ECLI:NL:CRVB:2021:1380
Centrale Raad van Beroep
- Hoger beroep
- Rechtspraak.nl
Afwijzing aanvraag bruikleenauto op basis van medische noodzaak en adequaat alternatief vervoer
In deze zaak heeft de Centrale Raad van Beroep op 2 juni 2021 uitspraak gedaan in hoger beroep tegen een eerdere uitspraak van de rechtbank Amsterdam. De appellant, een rolstoelgebonden jongen geboren in 2008 met een verstandelijke handicap en tracheomalacie, had via zijn ouders een aanvraag ingediend voor een bruikleenauto op basis van de Wet maatschappelijke ondersteuning 2015. Het college van burgemeester en wethouders van Amsterdam heeft deze aanvraag op 27 december 2018 afgewezen, en het bezwaar van appellant tegen deze afwijzing werd op 28 februari 2019 ongegrond verklaard. Het college baseerde zijn beslissing op een advies van een verzekeringsarts, die stelde dat er geen medische noodzaak was voor een bruikleenauto en dat het Aanvullend Openbaar Vervoer (AOV) deur tot deur plus alleen reizend een adequate voorziening was voor appellant.

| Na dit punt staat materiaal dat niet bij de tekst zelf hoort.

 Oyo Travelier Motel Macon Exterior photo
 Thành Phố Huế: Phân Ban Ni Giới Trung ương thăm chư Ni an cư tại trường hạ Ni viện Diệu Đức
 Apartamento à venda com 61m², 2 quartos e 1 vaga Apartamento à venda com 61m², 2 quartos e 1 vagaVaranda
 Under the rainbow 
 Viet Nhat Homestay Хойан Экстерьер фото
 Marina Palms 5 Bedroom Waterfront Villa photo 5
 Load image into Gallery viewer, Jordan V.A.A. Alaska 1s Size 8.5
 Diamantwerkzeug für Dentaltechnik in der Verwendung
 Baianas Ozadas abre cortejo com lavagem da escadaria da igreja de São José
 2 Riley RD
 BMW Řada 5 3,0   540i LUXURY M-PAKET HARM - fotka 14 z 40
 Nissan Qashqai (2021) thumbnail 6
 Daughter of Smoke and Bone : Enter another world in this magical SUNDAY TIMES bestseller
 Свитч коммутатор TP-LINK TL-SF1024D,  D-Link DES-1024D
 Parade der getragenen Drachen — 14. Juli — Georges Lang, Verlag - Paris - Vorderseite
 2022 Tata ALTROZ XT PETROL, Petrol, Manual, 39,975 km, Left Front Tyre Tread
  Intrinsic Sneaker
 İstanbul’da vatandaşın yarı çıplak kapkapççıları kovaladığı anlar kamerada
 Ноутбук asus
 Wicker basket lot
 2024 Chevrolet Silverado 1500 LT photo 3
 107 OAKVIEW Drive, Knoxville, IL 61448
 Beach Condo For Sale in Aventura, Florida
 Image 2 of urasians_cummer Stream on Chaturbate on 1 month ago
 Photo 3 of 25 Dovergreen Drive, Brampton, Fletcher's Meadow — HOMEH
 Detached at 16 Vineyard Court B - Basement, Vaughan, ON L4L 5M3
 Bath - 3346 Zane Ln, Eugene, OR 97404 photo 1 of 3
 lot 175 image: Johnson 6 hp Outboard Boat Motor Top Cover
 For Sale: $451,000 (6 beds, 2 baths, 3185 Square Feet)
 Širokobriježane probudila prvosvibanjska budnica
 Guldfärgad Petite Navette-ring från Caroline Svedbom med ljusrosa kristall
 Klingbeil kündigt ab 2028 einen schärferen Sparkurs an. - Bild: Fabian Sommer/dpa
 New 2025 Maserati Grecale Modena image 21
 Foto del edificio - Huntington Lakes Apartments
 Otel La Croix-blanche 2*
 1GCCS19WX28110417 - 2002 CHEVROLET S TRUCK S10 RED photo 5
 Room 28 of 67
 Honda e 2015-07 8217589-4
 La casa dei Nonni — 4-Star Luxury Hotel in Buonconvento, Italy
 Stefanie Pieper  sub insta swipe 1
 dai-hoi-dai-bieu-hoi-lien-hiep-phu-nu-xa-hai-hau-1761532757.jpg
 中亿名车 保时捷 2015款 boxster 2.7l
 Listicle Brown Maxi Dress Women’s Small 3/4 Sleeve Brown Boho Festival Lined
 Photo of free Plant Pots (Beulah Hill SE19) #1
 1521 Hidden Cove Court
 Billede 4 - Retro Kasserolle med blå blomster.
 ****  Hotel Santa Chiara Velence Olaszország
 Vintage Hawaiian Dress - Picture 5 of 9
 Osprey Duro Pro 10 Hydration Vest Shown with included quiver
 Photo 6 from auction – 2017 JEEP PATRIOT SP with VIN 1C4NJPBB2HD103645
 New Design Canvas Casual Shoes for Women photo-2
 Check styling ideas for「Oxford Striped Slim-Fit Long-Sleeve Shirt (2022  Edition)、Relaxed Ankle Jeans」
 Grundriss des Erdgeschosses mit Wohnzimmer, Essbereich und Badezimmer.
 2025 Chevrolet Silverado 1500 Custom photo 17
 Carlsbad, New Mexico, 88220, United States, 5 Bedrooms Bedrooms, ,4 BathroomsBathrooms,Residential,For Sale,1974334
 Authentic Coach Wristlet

Tijdens de beroepsprocedure heeft appellant een brief van zijn huisarts overgelegd, waarin werd gesteld dat appellant aandoeningen heeft die het schadelijk maken om lang in de buitenlucht te blijven. Het college heeft hierop gereageerd met een aanvullend advies van de verzekeringsarts, die concludeerde dat er geen medisch bezwaar was tegen het verblijf in de open buitenlucht. De rechtbank heeft het beroep van appellant ongegrond verklaard, en appellant heeft hiertegen hoger beroep ingesteld.
De Centrale Raad van Beroep heeft de conclusies van de verzekeringsarts en het IAB-advies gevolgd en geoordeeld dat de stelling van appellant dat meer waarde moet worden gehecht aan de brief van zijn huisarts niet voldoende onderbouwd was. De Raad bevestigde dat het college terecht had gesteld dat AOV een adequate voorziening was en dat appellant niet was aangewezen op een bruikleenauto. De uitspraak van de rechtbank werd bevestigd, en er was geen aanleiding voor een veroordeling in de proceskosten.